Under An Existing RAG Stack

Keep your current application logic and use TurboAgents in the retrieval layer. That can mean FAISS-backed local retrieval, Chroma candidate search with a TurboAgents rerank pass, LanceDB or SurrealDB sidecar retrieval, or a PostgreSQL application that already depends on pgvector.

As A Benchmark And Compression Tool

If you are still evaluating fit, start with the CLI:

  • turboagents doctor
  • turboagents bench kv
  • turboagents bench rag
  • turboagents compress
  • uv run python scripts/run_benchmark_matrix.py --output-dir benchmark-results/<run-id>

That gives you a low-risk way to decide where deeper integration is worth it.

Start Here

If you are evaluating the project quickly, use this order:

  1. Read Getting Started and install with uv.
  2. Run the synthetic CLI benchmarks locally.
  3. Read Adapters and Examples to pick the backend path you actually need.
  4. Read Benchmarks for the current benchmark results.
  5. Read Architecture if you want the runtime and retrieval layout.

Reference Integration

TurboAgents is designed to stay standalone, but the first full reference integration is now SuperOptiX.

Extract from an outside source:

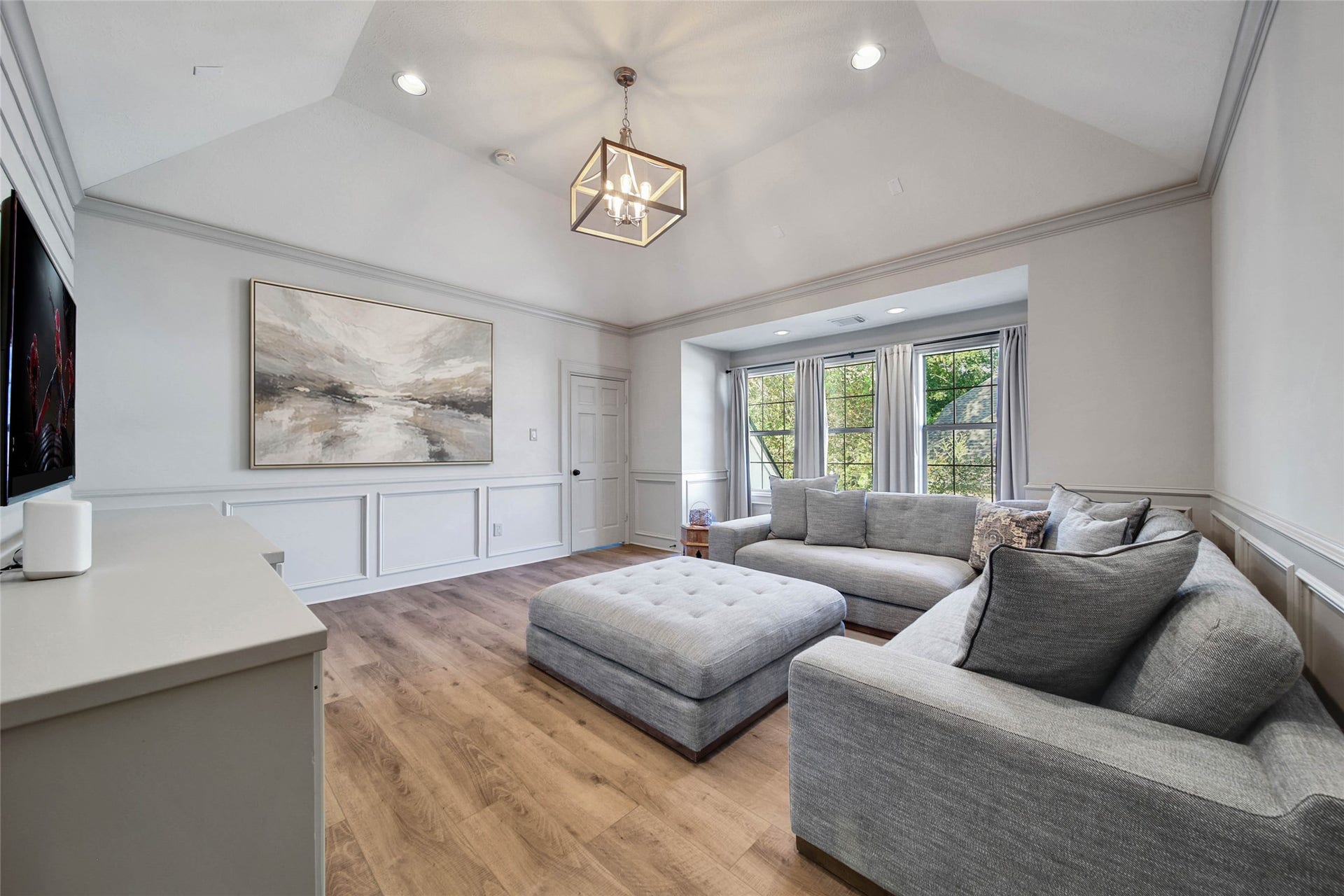 39 W Old Sterling Circle, The Woodlands, TX 77382 Elevate your leisure time in this inviting game room, featuring ample natural light and cozy seating for ultimate relaxation and entertainment.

That integration currently proves that turboagents-chroma works as a SuperOptiX retrieval option, turboagents-lancedb works end to end in the LanceDB demo, and turboagents-surrealdb works end to end in the OpenAI Agents and Pydantic AI demo paths.

If you want the end-to-end application story rather than the package-only API, read the SuperOptiX TurboAgents guide after this page.

Included In This Release

This release includes the quantization core, binary payload serialization, synthetic benchmark CLI, Chroma and FAISS retrieval paths, LanceDB and SurrealDB sidecar adapters, a pgvector client adapter, MLX and llama.cpp runtime wrappers, an experimental vLLM wrapper, the checked-in benchmark harness, and the minimal Needle-style long-context evaluation surface.